▸ **Task objective**: The lines to extract begin at the line that contains "this 765×1024 image." and run through the last line of the listing; reproduce them exactly, minus any pictures.

▸ **Excerpted records**:

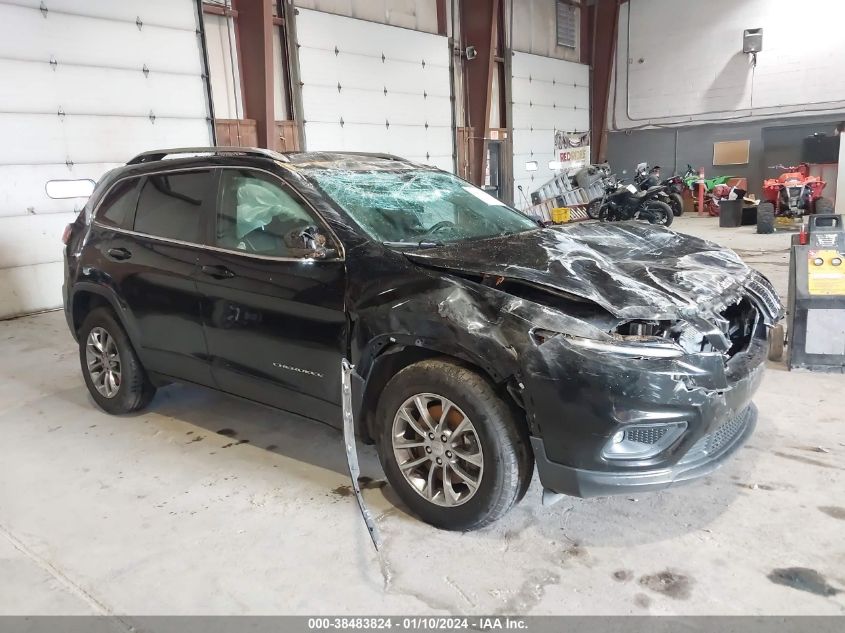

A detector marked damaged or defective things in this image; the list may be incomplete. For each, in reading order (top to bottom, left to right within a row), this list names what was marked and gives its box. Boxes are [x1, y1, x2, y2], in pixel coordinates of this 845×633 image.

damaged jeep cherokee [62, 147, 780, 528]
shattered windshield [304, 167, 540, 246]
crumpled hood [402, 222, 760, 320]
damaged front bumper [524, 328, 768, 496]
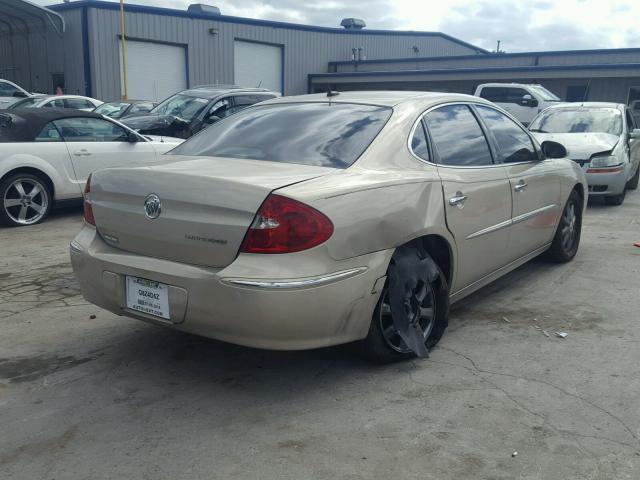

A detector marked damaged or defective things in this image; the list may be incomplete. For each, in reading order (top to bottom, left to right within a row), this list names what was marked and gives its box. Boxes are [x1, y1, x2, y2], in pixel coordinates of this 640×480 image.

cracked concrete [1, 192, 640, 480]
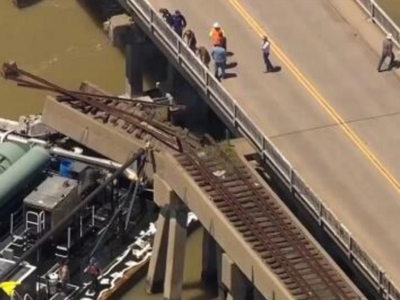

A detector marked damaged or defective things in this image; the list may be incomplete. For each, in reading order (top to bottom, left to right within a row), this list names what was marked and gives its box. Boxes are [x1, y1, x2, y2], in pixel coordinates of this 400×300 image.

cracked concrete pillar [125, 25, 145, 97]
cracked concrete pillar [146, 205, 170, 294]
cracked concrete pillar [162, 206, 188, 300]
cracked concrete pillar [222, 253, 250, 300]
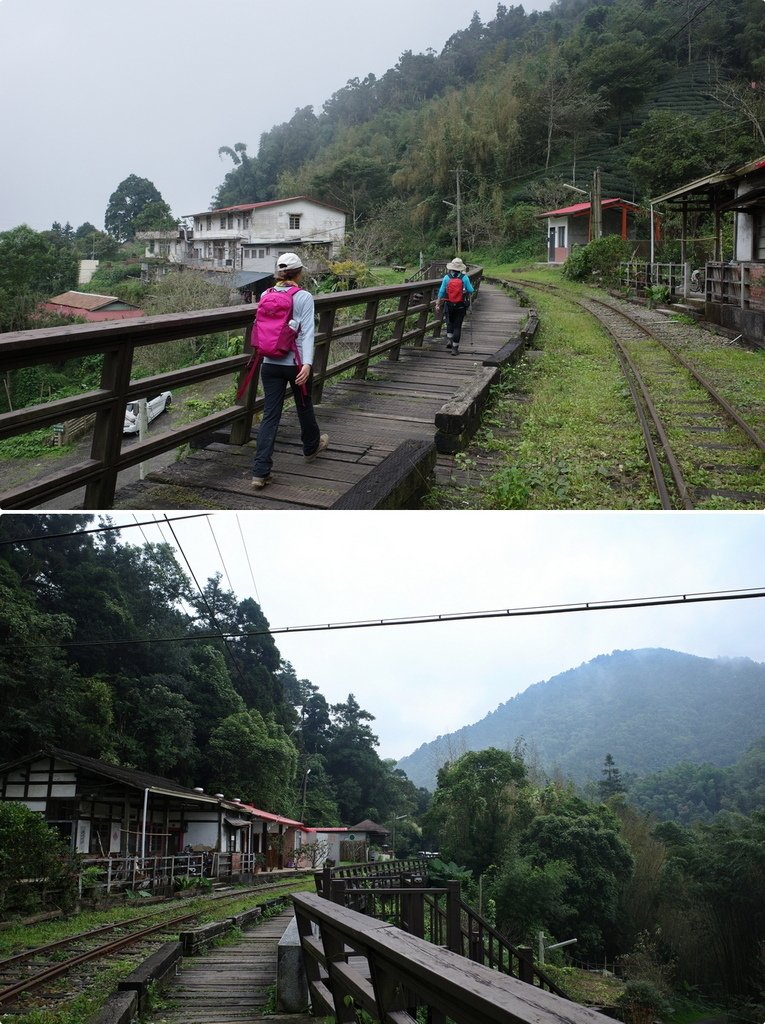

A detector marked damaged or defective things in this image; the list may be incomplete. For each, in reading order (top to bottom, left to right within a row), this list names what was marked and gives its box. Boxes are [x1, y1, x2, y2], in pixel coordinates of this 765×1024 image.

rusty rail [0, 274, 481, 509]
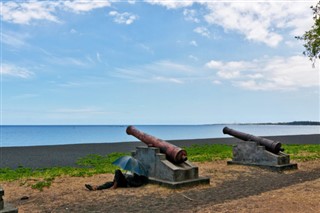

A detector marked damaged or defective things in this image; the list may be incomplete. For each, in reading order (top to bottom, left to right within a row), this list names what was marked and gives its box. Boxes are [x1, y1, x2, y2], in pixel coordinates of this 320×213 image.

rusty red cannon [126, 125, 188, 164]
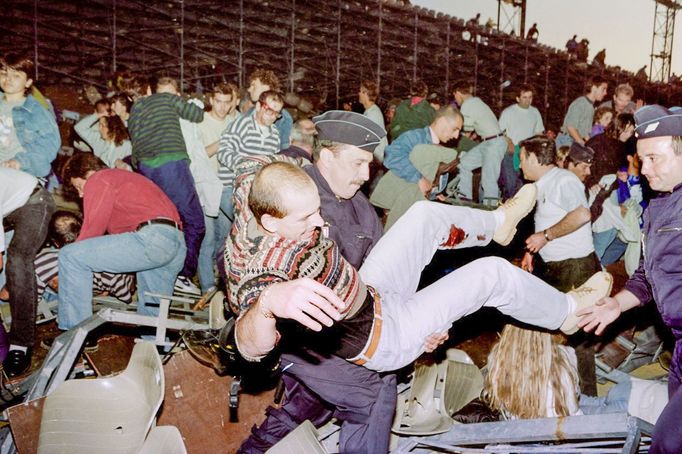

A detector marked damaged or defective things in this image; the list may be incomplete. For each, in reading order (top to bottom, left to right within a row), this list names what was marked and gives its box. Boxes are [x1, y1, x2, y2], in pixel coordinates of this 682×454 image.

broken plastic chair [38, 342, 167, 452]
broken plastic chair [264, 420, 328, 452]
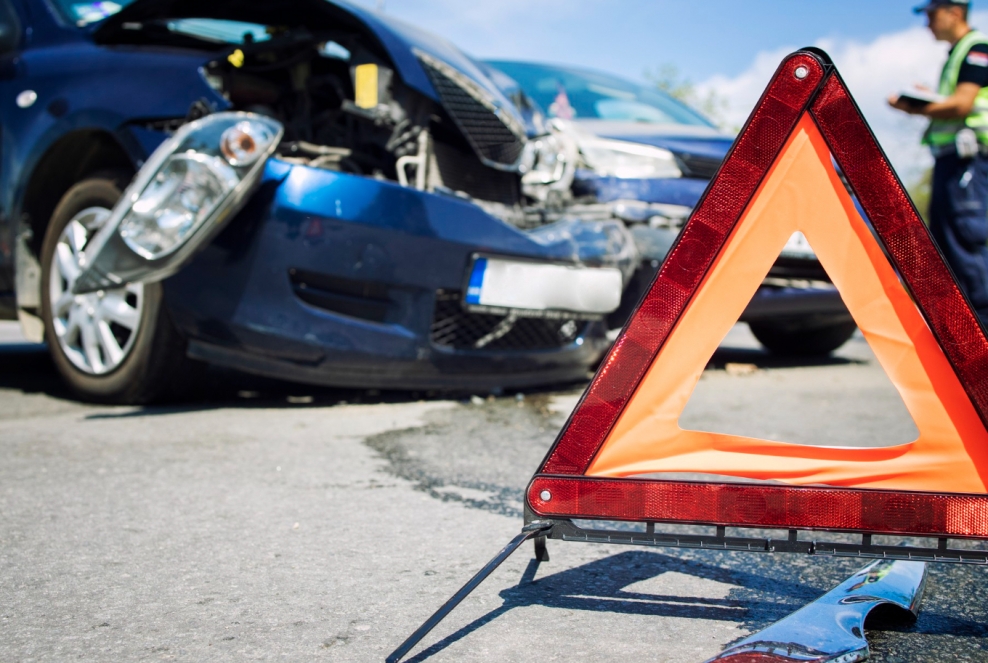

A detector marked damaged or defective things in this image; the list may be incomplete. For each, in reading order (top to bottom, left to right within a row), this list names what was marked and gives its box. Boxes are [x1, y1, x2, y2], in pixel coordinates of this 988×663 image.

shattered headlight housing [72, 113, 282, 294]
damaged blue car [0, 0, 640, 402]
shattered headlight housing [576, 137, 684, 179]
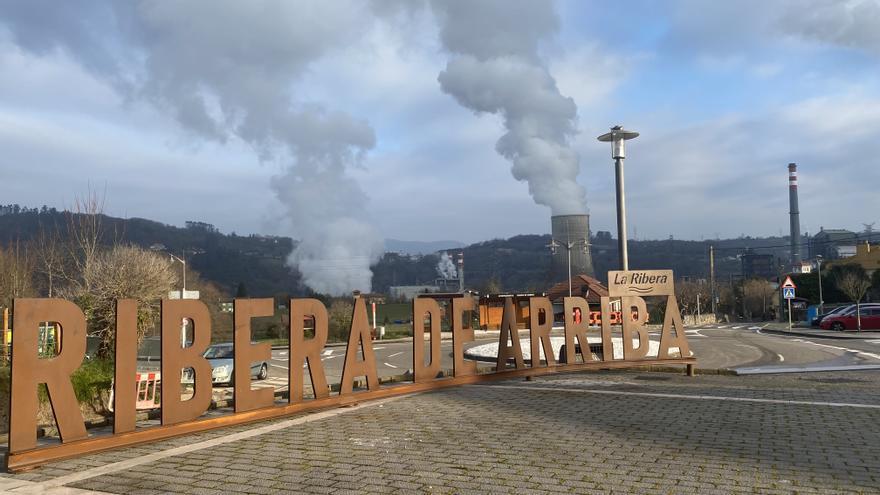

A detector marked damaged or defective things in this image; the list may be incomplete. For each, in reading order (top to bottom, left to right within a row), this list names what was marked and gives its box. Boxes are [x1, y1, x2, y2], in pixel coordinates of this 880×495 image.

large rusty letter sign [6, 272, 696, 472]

▸ **Written solution**:
A detector marked damaged or defective things in this image; the list may be incomplete. For each, in reading order (top to bottom, left to right within a row), this list names what was marked and gives its box. Boxes are [x1, y1, x2, y2], in pixel coordinates of this 765×1024 image.

rusty rail [0, 274, 481, 509]

A detector marked damaged or defective things in this image; the list may be incomplete. For each, in reading order (top to bottom, left to right within a row), this list names what was marked and gives its box. Boxes are [x1, y1, x2, y2], in pixel coordinates of this 320×213 image.

rusty red cannon [126, 125, 188, 164]

A detector marked damaged or defective things in this image; the list may be incomplete. For each, in reading order (top to bottom, left to right within a row), this list names what was marked and gives its box. Boxes are [x1, y1, x2, y2], in pixel coordinates of this 682×454 image.

broken plastic chair [38, 342, 167, 452]
broken plastic chair [264, 420, 328, 452]

A detector marked damaged or defective things in this image; the list may be incomplete. For each, in reading order (top to bottom, left to right within a row), this list names what was marked and gives its box. Boxes are [x1, y1, x2, y2], in pixel coordinates of this 988×663 image.

shattered headlight housing [72, 113, 282, 294]
damaged blue car [0, 0, 640, 402]
shattered headlight housing [576, 137, 684, 179]

A detector marked damaged or defective things in this image; the list may be incomplete. For each, in reading order (top to bottom, left to right within a row), this list names what was marked and gives its box. Boxes are [x1, y1, x2, y2], in pixel coordinates of this 880×495 image.

large rusty letter sign [6, 272, 696, 472]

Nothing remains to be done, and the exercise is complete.